Directions for this task »
The result should be an exact copy of only the lines from the one holding "Szörnyű körülmények között" through the last line of the data below, please, without pictures.

Data shown »
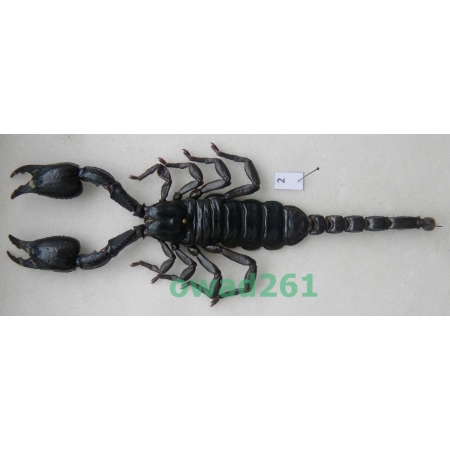 Heterometrus laoticus (Couzijn, 1981) Thailand +165mm17f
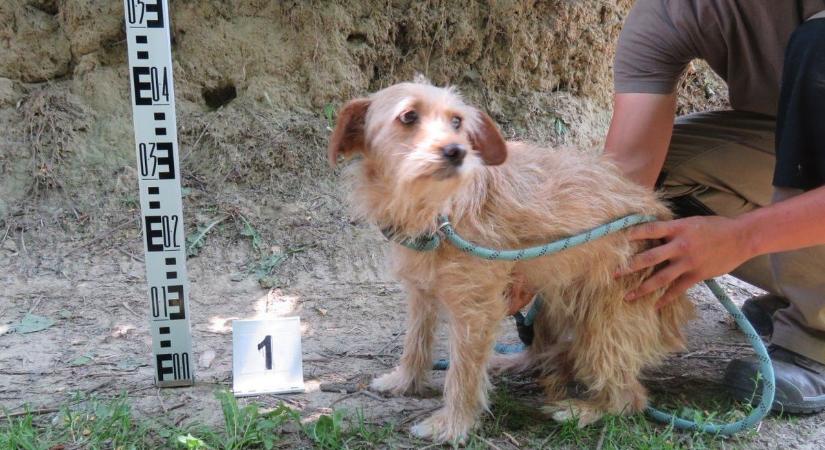 Szörnyű körülmények között tartott kutyákat találtak a hatóságok Kaposváron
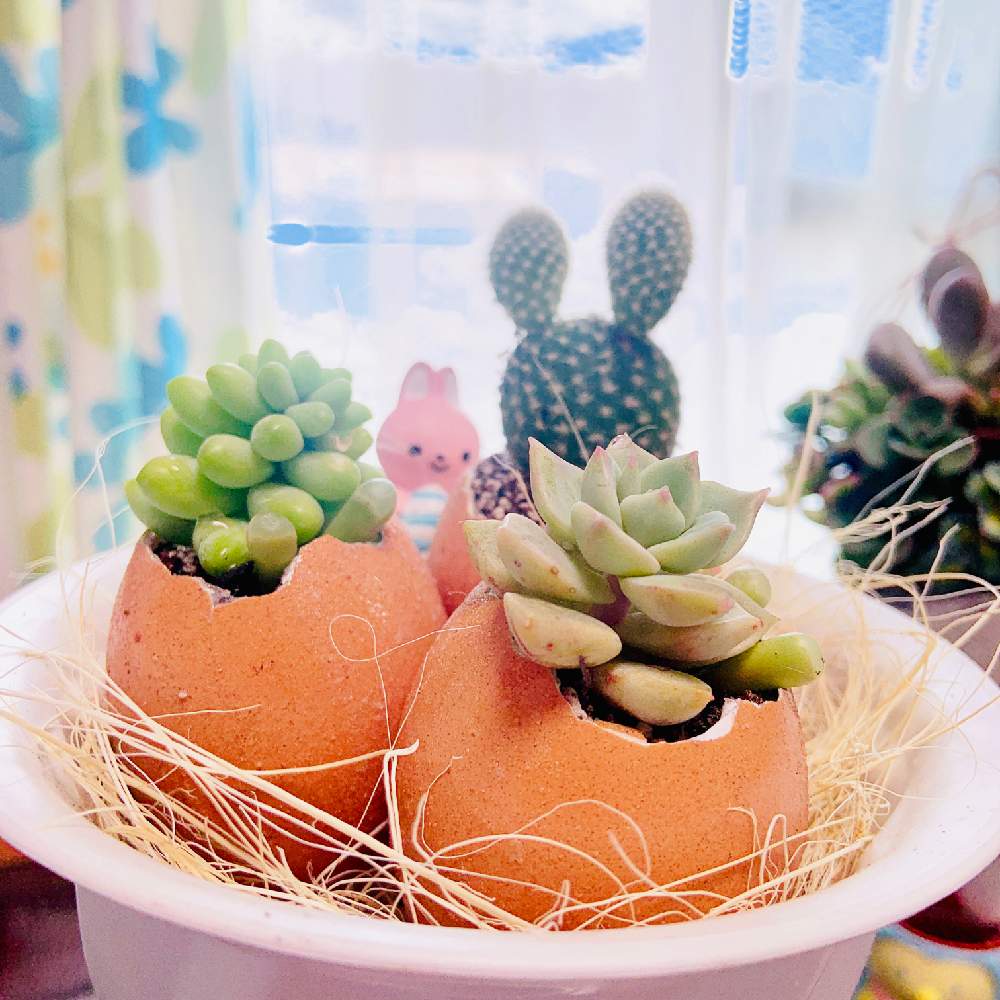 部屋の画像 by UGUISUさん | 部屋とエッグポットと多肉植物寄せ植え☘️とGS皆様ありがとう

Solution to this problem »
 Szörnyű körülmények között tartott kutyákat találtak a hatóságok Kaposváron
 部屋の画像 by UGUISUさん | 部屋とエッグポットと多肉植物寄せ植え☘️とGS皆様ありがとう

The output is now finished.